European nations have dominated in Olympic competition, but the Brazilian women captured their first World Championship medal in 2013, gold in Serbia. Duda Amorim is the reigning World Player of the Year.
Infostrada’s virtual medal table has Brazil winning five judo medals in 2016, based on recent international results. That would be Brazil’s best medal haul in any sport, if one separates open-water swimming from pool swimming.
Brazil also performed its best in judo in 2012, taking four medals split evenly between men and women. In 2016, Kayla Harrison, the first U.S. Olympic judo gold medalist, could be headed for a showdown with Brazilian Mayra Aguiar, the 2014 World champion.
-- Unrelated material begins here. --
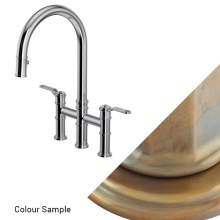 Perrin and Rowe Armstrong 4549HT Bridge Tap with Pull Down Rinse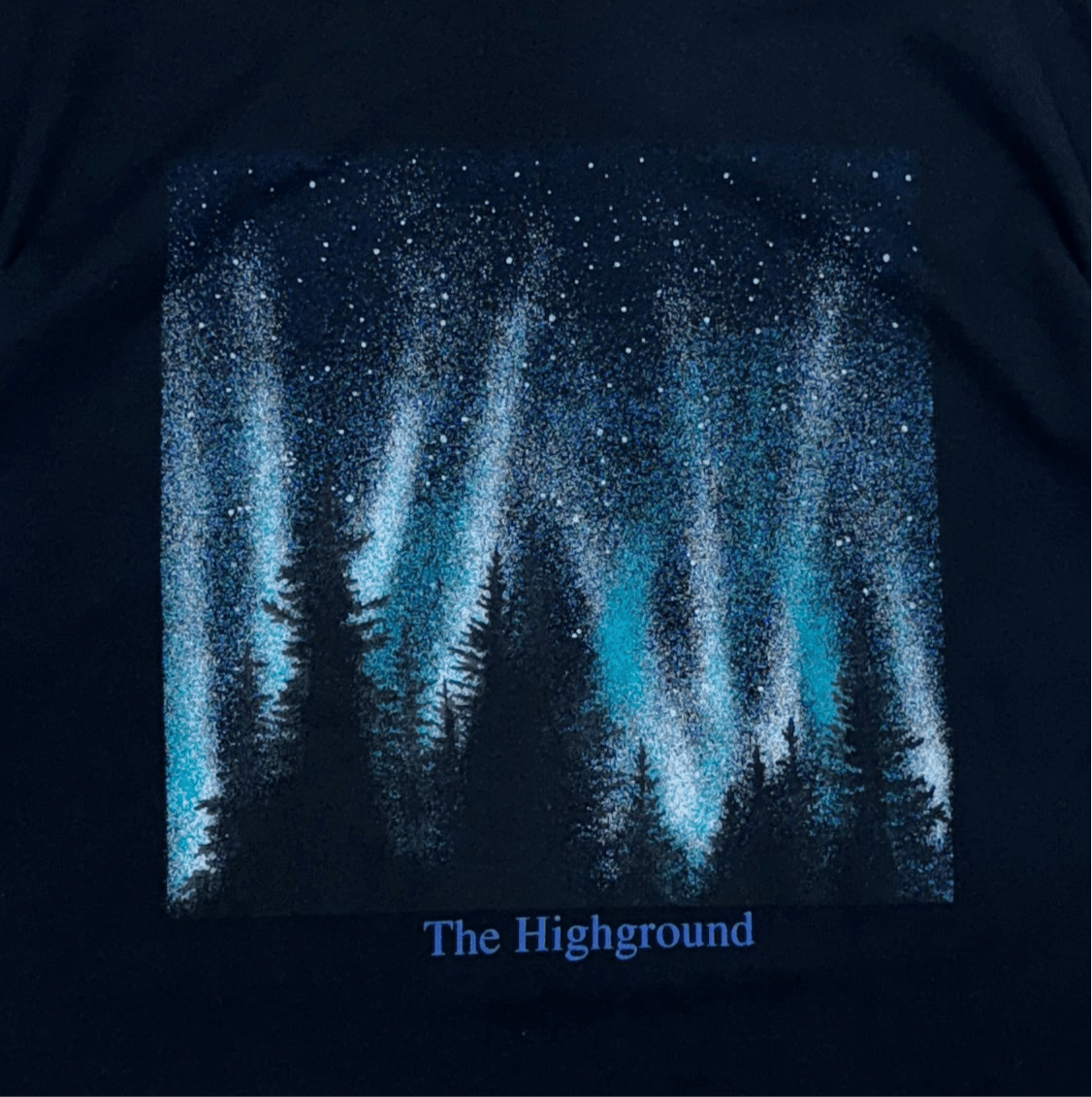 Vintage Northern Lights T-Shirt - 2XL - ALL GOODS - ALL GOODS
Brazil owns more sailing gold medals (six) than any other sport. Its most decorated Olympians are also sailors — Robert Scheidt and Torben Grael with five medals each. Scheidt is still active, while Grael is now a coach.
Martine Grael and Kahena Kunze are reigning World champions in the 49er FX and the female Sailors of the Year.
Brazil may be a World Cup power, but of its seven combined Olympic men’s and women’s soccer medals (all since Los Angeles 1984), none are gold.
The most recognizable Brazil Olympians next year may be Barcelona striker Neymar and five-time FIFA World Player of the Year Marta.
Neymar played on the London 2012 silver medal-winning team, and in 2016 would have to be one of a maximum three players on the roster over the age of 23.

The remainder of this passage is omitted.